The case of Diamond Match Co. v. Rocher, 106 N.Y. 473 (60 Amer. Rep., 464), which was cited in the above case, is also a strong authority for the position that in a contract worded like the one in this case the party who has bought the business and provided against the rivalry of the one who has sold it may have its breach enjoined or recover damages at his option. The Court said: "There can be no doubt, upon the circumstances in this case, that the parties intended that the covenant should be performed, and not that defendant might at his option repurchase his right to manufacture and sell matches on payment (439) of the liquidated damages. The right to relief by injunction in similar contracts is established by numerous cases. Phoenix Ins.Co. v. Continental Ins. Co., supra; Long v. Bowring, supra; Howard v.Woodward, 10 Jur. (N.S.), 1123; Coles v. Sims, 5 De G., McN. G., 1; Avery v. Langford, Kay's Ch., 663; Whittaker v. Howe, supra; Hubbardv. Miller, 27 Mich. 15."

It will be seen, therefore, that the election as to the remedy is with the plaintiff, or injured party, and not with the defendant, who cannot, as a right, buy his peace by paying the stipulated amount as damages, but must desist from a further breach of the contract, if the plaintiff so elects and asks that he be enjoined. This was decided in Roper v. Upton,125 Mass. 258. There Judge Endicott said: "It is often stated that a court of equity will not interfere to prevent a party from doing an act which he has agreed not to do, when liquidated damages are provided in case he does the act. But this must be taken with some qualifications; for it must appear from the whole contract that the stipulated sum was to be paid in lieu of the strict performance of the agreement, and was an alternative which the party making the covenant had the right or option to adopt, as in cases often cited in support of the general proposition. Woodward v.Gyles, 2 Vern., 119; Rolfe v. Peterson, 2 Bro. P. C. (2d Ed.), 436;Ponsonby v. Adams, 2 Bro. P. C. 431." And again: "It is said in all the cases on this subject that the question in every case is, What is the real meaning of the contract? And if the substance of *489 the agreement is that the party shall not do a particular act, and that is the evident object and purpose of the agreement, and it is provided that if there is a breach of this agreement the party shall pay a stated sum, which does not clearly appear to be an alternative which he has the right to adopt instead of performing his contract, there would seem to be no reason why a court of equity should not restrain him from doing the act, and thus carry out the intention of the parties. If such appears to be the purpose of the agreement, the fact that the sum to be paid is a stated or stipulated amount, in the nature of liquidated damages, should not oust a court of equity of its jurisdiction to compel the party to carry out his agreement. In other words naming a sum to be paid as liquidated damages does not in itself conclusively establish that the parties contemplated the right to do the act upon payment of the compensation, and make an alternative agreement for the benefit of the party who has done what he had agreed not to do."

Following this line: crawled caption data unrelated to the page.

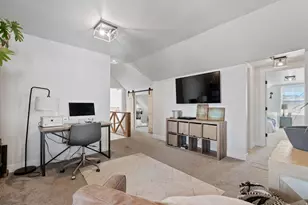 164 W 200 N, Holden, UT 84636 - Photo 31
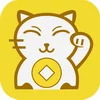 财迷猫-安装送3元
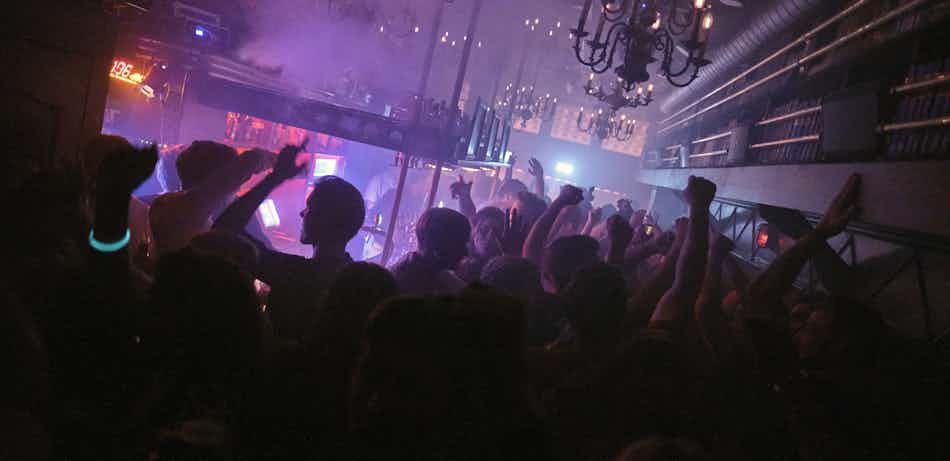 Placeholder for JBOO1937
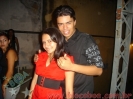 Festa das Férias 19.07.08-77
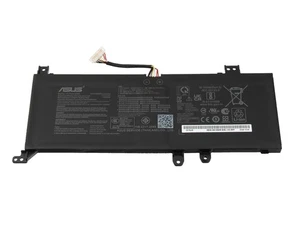 Asus Business P1512CEA Original Akku 37Wh - Bild 1 von 2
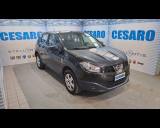 NISSAN Qashqai 1.5 dci Acenta Dpf FL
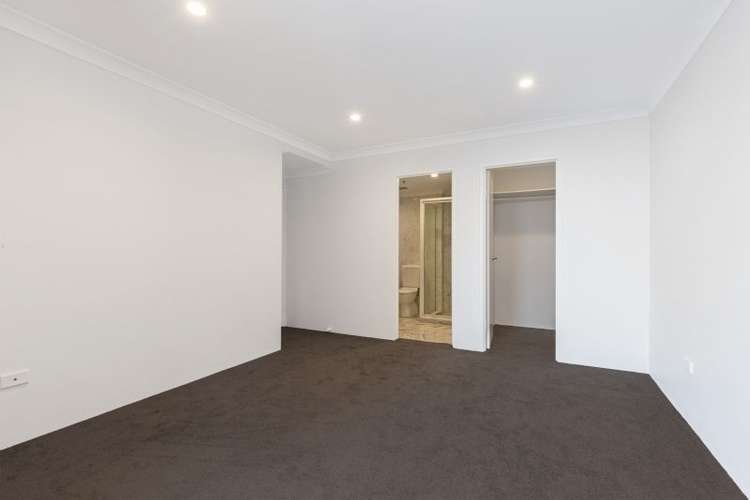 Third view of Homely unit listing, 32/23 Macmahon Street, Hurstville NSW 2220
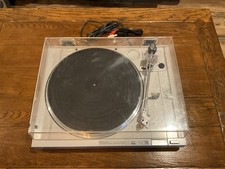 Vintage sony ps - vintage, 80’s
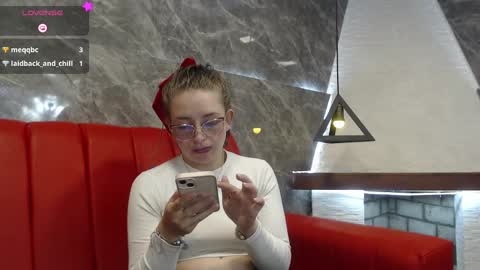 Isa online show from 6, 3, 2025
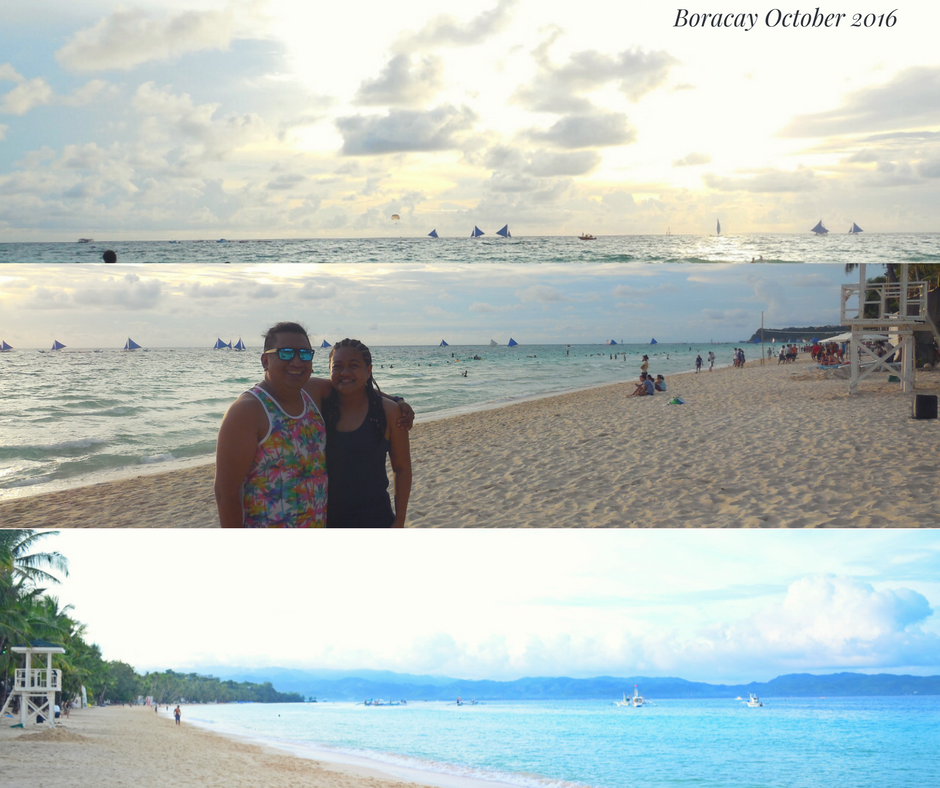 boracay best island (1)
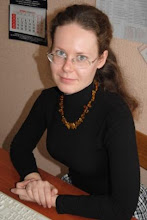 My Photo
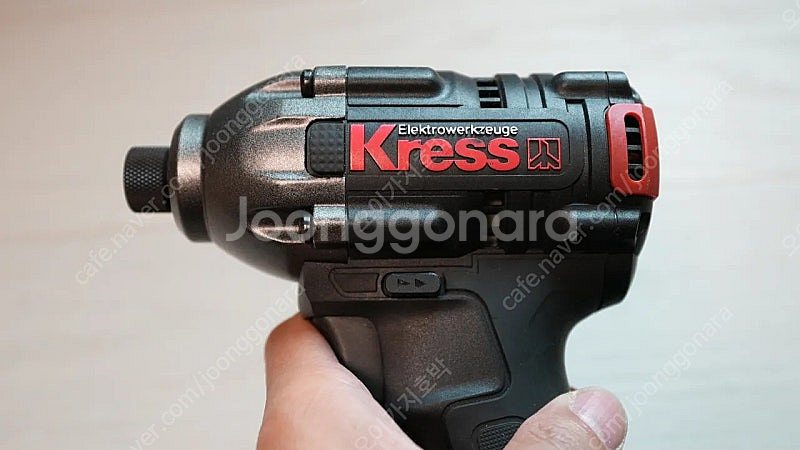 웍스 20V 충전그라인더 베어툴(WU806)+크레스 임...--4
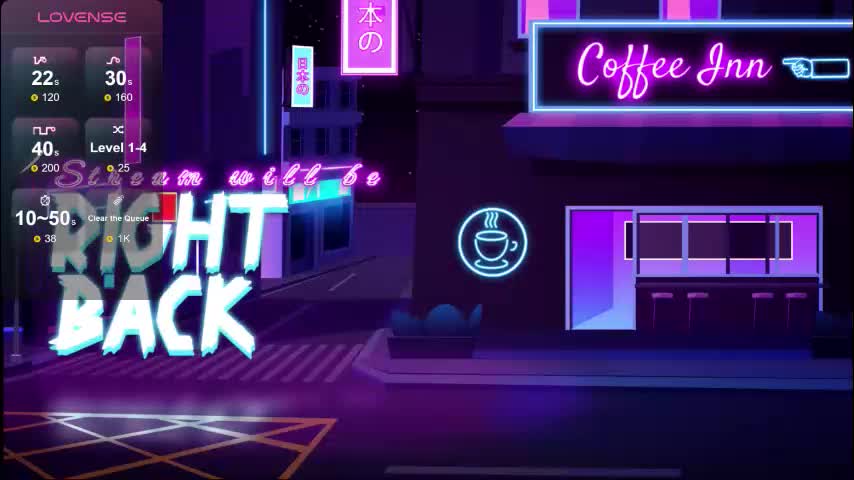 kira0541 Adult Chat December 30, 2025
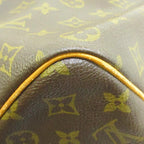 LO-LV bags 11820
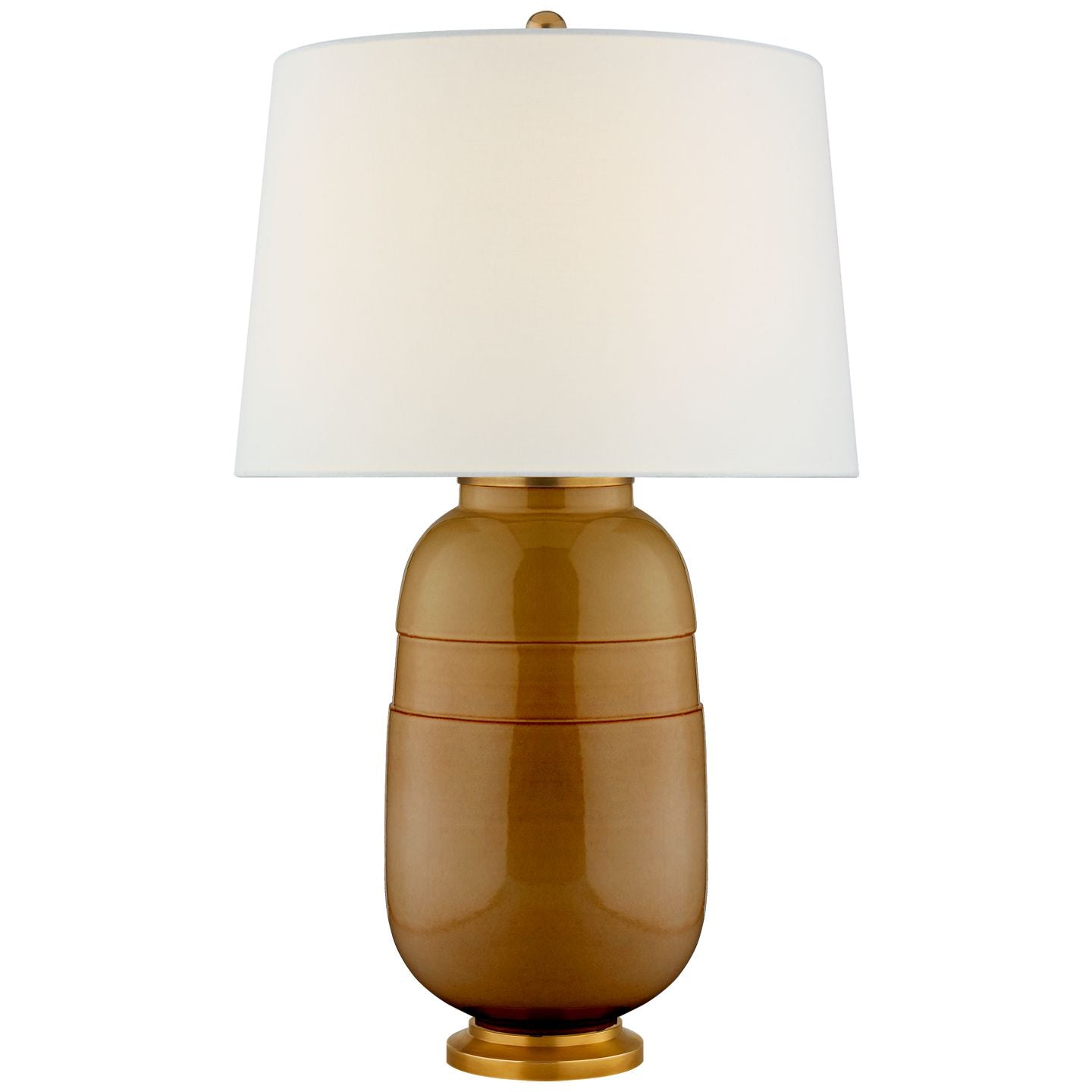 Visual Comfort, Newcomb Table Lamp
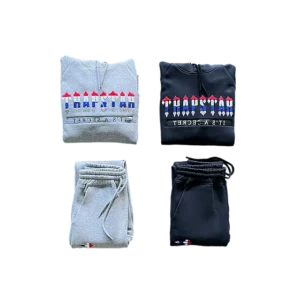 TRPSTR TRACKSUIT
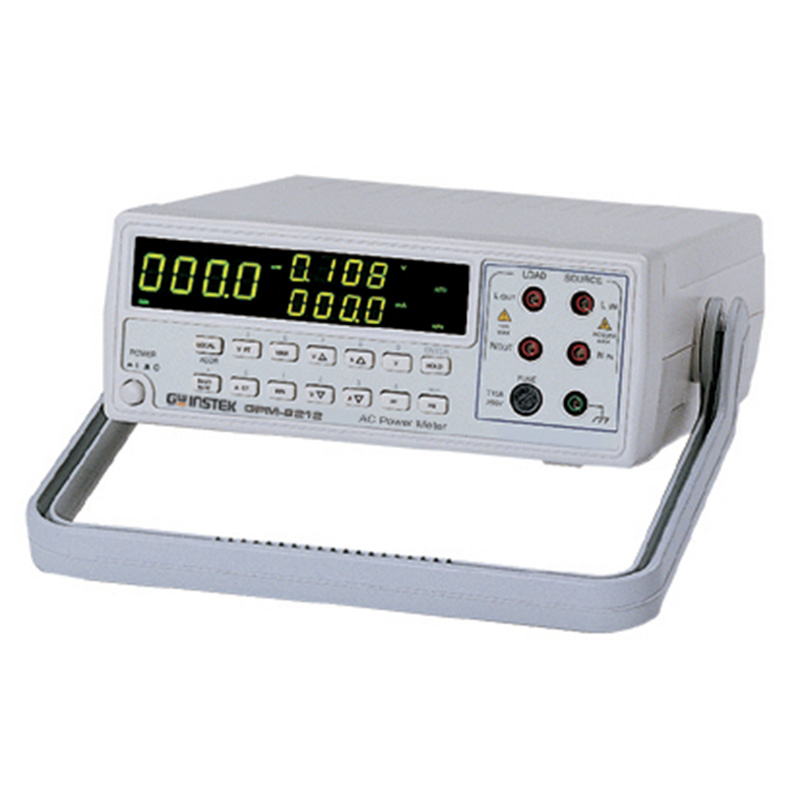 (sh)ֹӋGPM-8212RS485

An interesting case is Sainter v. Ferguson, 1 McN. Gordon, 286, where it appeared that upon application for an injunction against a breach of the agreement the court ordered that plaintiff might (440) take proceedings at law, which he did, and recovered $500 by way of liquidated damages. he then renewed his application for an injunction, which was refused, Lord Cottenham saying: "If the plaintiff had seen the difficulty which has since arisen, he might have put the matter so as to have had the option left to him either of exercising his legal right or his equitable remedy and not to have been precluded from the alternative which, before the action, he had either to ask for an injunction or to obtain compensation at law. The order, however, does not provide for this; it places the plaintiff under no restriction; it only refuses to interfere until the legal right has been tried. It was then the plaintiff's own choice to go on; and the matter now stands just as if the plaintiff had brought the action first, and then come to this Court for an injunction. 1 McN. Gord., 290." And in Fox v. Scard, 33 Beav., 327, it was held on the authority of Sainter v. Ferguson that where a person enters into an agreement not to do an act, and gives his bond to another to secure it in a penal sum, the latter has a right in law and equity, and can obtain relief in either, but not in both courts.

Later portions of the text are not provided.